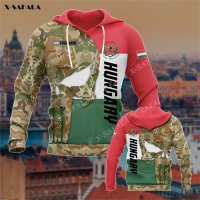 Xzx180305 original vintage camel Army veteran emblem 3D print zipper Hoodie men Pullover Sweatshirt fitted Jersey tracksuit outwear coat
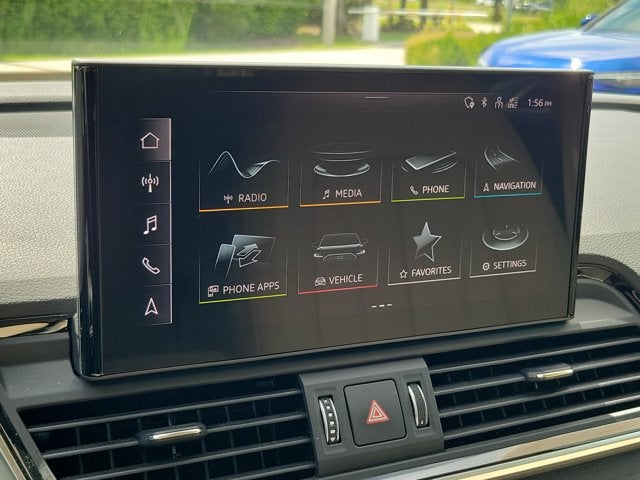 2022 Audi Q5 45 S line Premium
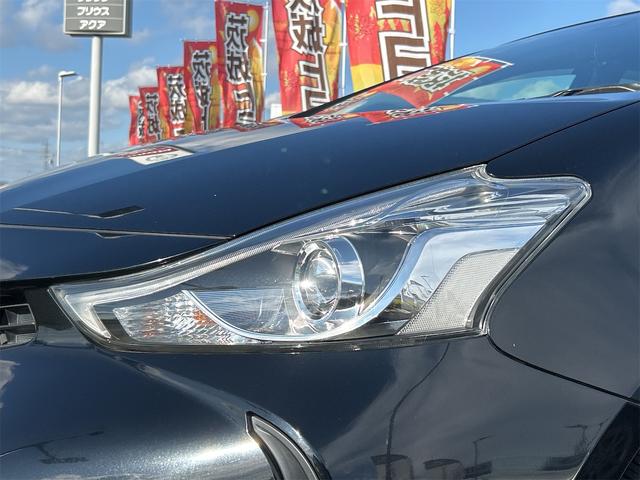 プリウスアルファ S ドライブレコーダー ETC バックカメラ ナビ TV オートクルーズコントロール レーンアシスト 衝突被害軽減システム アルミホイール オートマチックハイビーム オートライト スマートキー(18枚目)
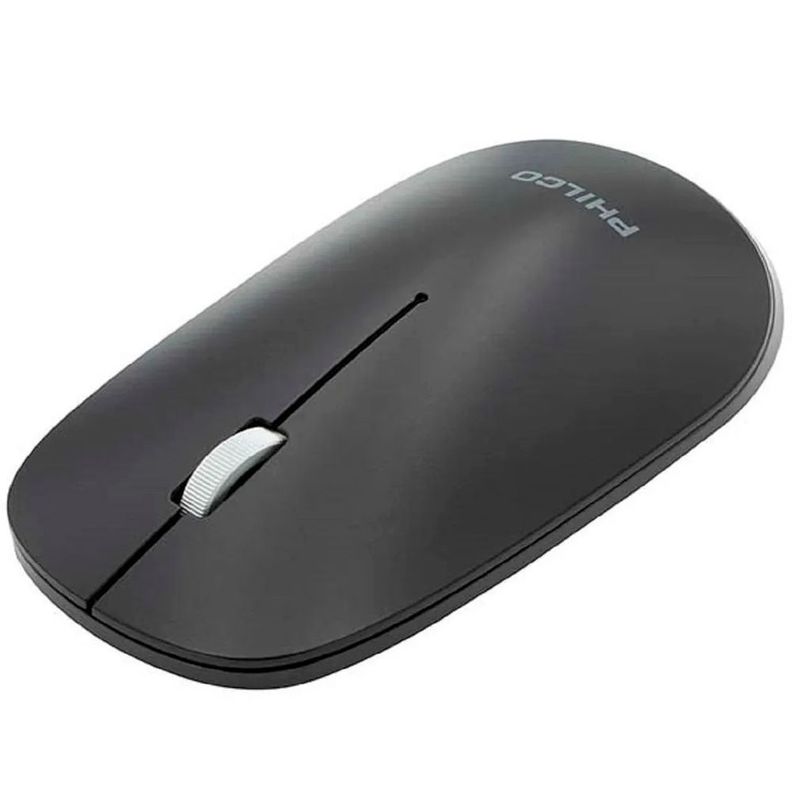 MOUSE INALAMBRICO SPK7305 NEGRO PHILCO PRO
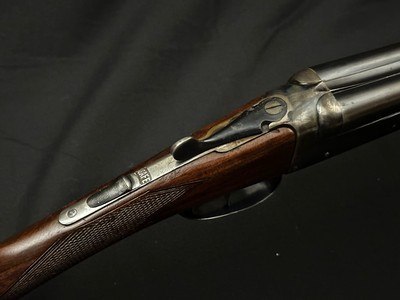 Exceedingly Rare & Delightfully Petite G.E. Lewis & Sons Boxlock .410 Bore | 4.20 Lbs. | English Game Gun Elegance - Image 7 of 23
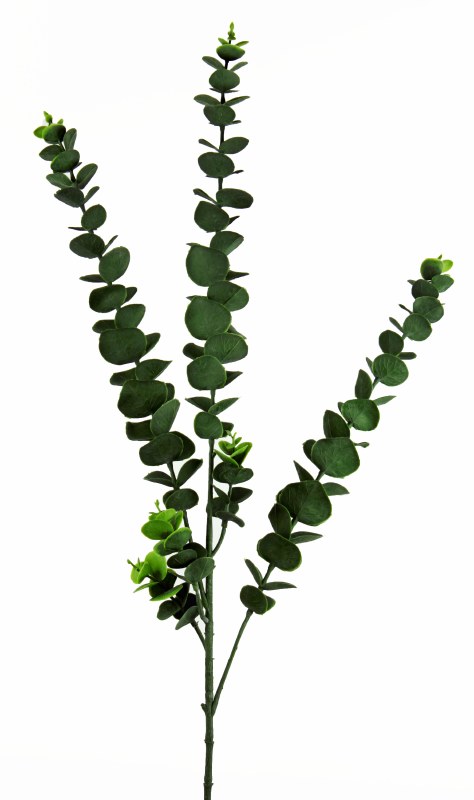 Faux Eucalyptus Stem 30"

+--

(WORK REQUIRED) The response should consist of the entries above, given again exactly and free of pictures.

(EXERCISE OUTPUT)
 Xzx180305 original vintage camel Army veteran emblem 3D print zipper Hoodie men Pullover Sweatshirt fitted Jersey tracksuit outwear coat
 2022 Audi Q5 45 S line Premium
 プリウスアルファ S ドライブレコーダー ETC バックカメラ ナビ TV オートクルーズコントロール レーンアシスト 衝突被害軽減システム アルミホイール オートマチックハイビーム オートライト スマートキー(18枚目)
 MOUSE INALAMBRICO SPK7305 NEGRO PHILCO PRO
 Exceedingly Rare & Delightfully Petite G.E. Lewis & Sons Boxlock .410 Bore | 4.20 Lbs. | English Game Gun Elegance - Image 7 of 23
 Faux Eucalyptus Stem 30"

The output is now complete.